The solution is deceptively simple. The plugin enlarges images, doesn’t load various fonts, and makes text bigger. The result is that the images are pushed to the bottom of a web page and therefore load after text. By not calling for the special fonts, the browser will load a website using default system fonts instead. The larger text also helps push images farther down the page.
Bustamante used ScaleUp to load a page on CNN’s website. It drew the page four times faster than the page would have loaded without the extension, and it saved 60 seconds in doing so.
“It wasn’t something we expected to turn out as well as it did,” said James Newman, a doctoral candidate working with Bustamante on ScaleUp. “The improvements we’re seeing are better than what you would normally see.”

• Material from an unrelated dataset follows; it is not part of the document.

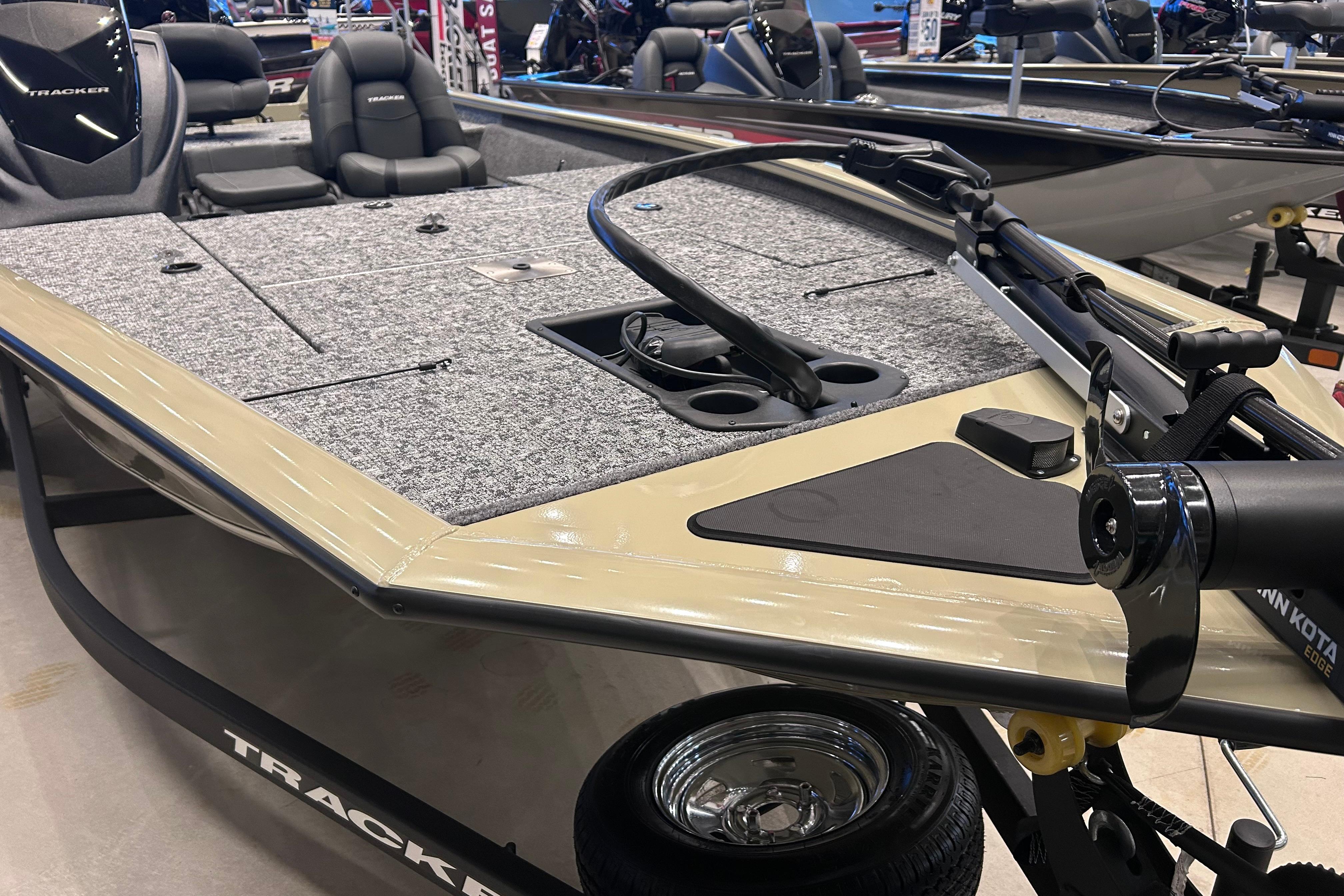 2026 Tracker Pro Team 195 boat with spacious deck and seating, displayed indoors.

Bustamante says he is developing relationships with inflight internet providers, in hopes of collecting more data on how well ScaleUp works in actual conditions.
One other issue that they’ve noticed with inflight browser speeds is packet loss. Packets are bits of data which are transmitted to your computer so it can load a website. A site can’t load until a browser receives all the packets, so when there is packet loss, it slows the site’s load time because the site is resending the packets until they get through. The researchers are not entirely sure why packet loss happens, and there are likely plenty of reasons, but by further understanding packet loss, they’re hoping to make inflight browsing, and web use in generally, even faster and more reliable.
“While we know some of the factors behind the loss, we need to better understand all of the reasons causing the problem,” Bustamante said.
At this time, ScaleUp is only available as an extension on the Chrome browser. Given its success, we assume Bustamante and his team will build versions of the extension that work with other browsers.